Then there is this in my career.

We have been trying since the sixties to make life safe for 3 year olds or idiots, take your pick. The National Electric Code runs on a three year cycle. In 1968 it began requiring grounded outlets, which was a very good thing, when something went wrong with an appliance the current had a safe path to ground and would blow the fuse. That’s all well and good. In about 1975 the requirement became that the equipment grounding conductor become the same size, which if you understand the theory, it should have been from the beginning.

Then was developed in the 1980’s the Ground Fault Circuit Interrupter, which was designed to measure the current on the wires and if it wasn’t equal turn off the circuit. It’s a pretty good idea. It will protect you when you forget to unplug the toaster before rinsing it out in the sink.

Now we have Arc Fault Circuit Interrupters which detect arcs in your wiring and appliances. In fact, if you drive a metal staple too tight when you’re wiring a house, the AFCI will trip. It’s an OK device in many ways, and has probably stopped some fires from occurring.

We are also mandated now to use tamper resistant receptacles which prevent you from putting a bobby pin in an outlet.

All of these things will make your house safer when properly installed. But there is a downside. The circuit that feeds your bedroom costs about thirty dollars in material on the 1977 specification (current dollars). That same circuit wired to 2011 Code will cost about a hundred dollars in material, labor is roughly the same. Safety has a price, and so does regulation.

The most common example, of course, is your car. My first car was a 1963 Bel Air. It had headlights, taillights, parking lights, backup lights, a horn, bumpers, and lap belts which were optional.

In 1968, the government required side lights, and a locking and collapsible steering column, as well as a padded dashboard, in 1974 emission standards kicked in (killing mileage and power) as well as bumpers that would withstand a 5 mph impact. Now we have harnesses, child safety seats, air bags, and I don’t know what all. Why? To protect us from incompetents, why wouldn’t it have made more sense to teach people to drive effectively enough so they didn’t hit things?

Oh, that Bel Air, It cost less than $3,000, maybe less than $2000, new. What’s a new car worth now?

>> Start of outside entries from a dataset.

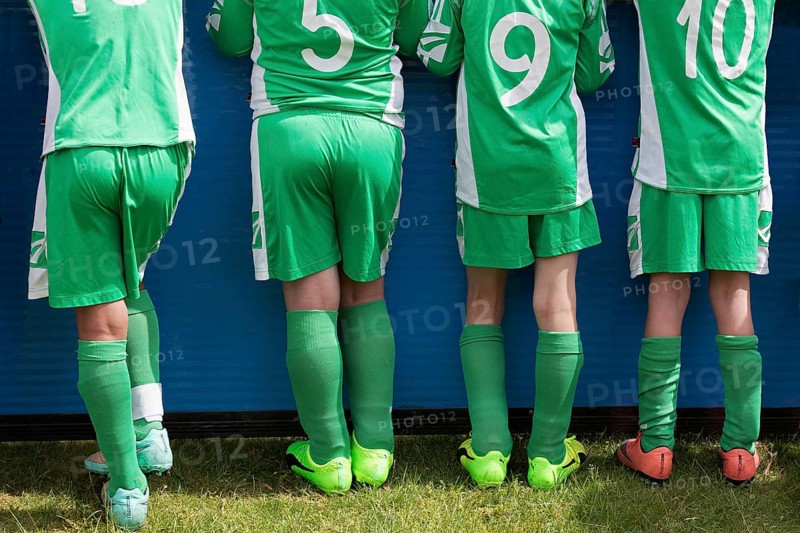 Four players of a youth football team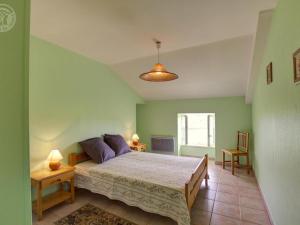 a bedroom with a large bed in a room at Gîte Saint-Alban-les-Eaux, 3 pièces, 4 personnes - FR-1-496-75 in Saint-Alban-les-Eaux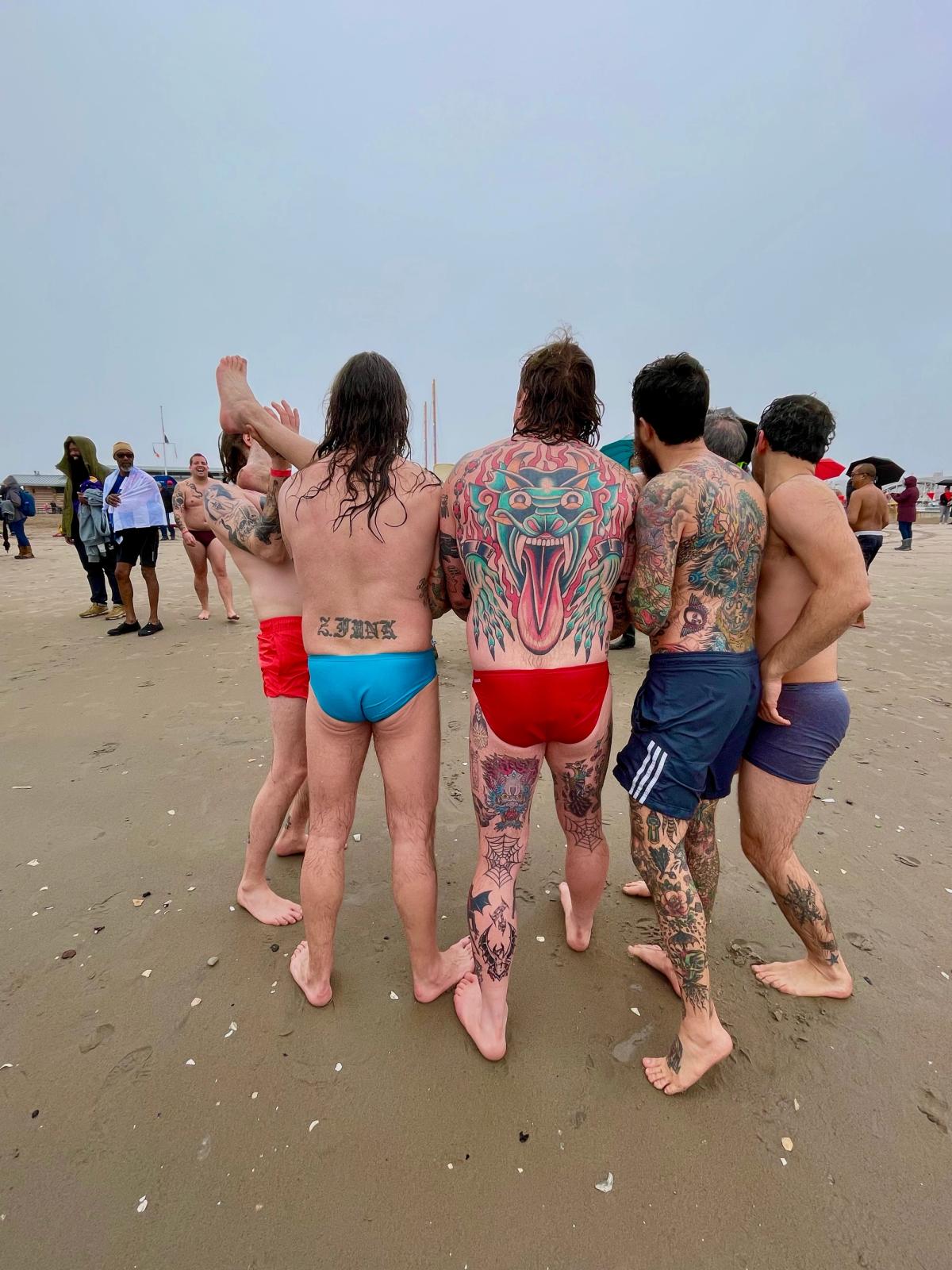 tattooed beach men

And that is one of our problems, we are protecting the incompetent at the expense of the productive. Apparently we have forgotten that life is dangerous, so dangerous in fact, that no one gets out of it alive. What would an American car be like if we hadn’t squandered all that engineering talent in protecting the incompetent? Nobody knows.


The American Way of War 2

Lithograph of Lee's Surrender, with Taylor sta...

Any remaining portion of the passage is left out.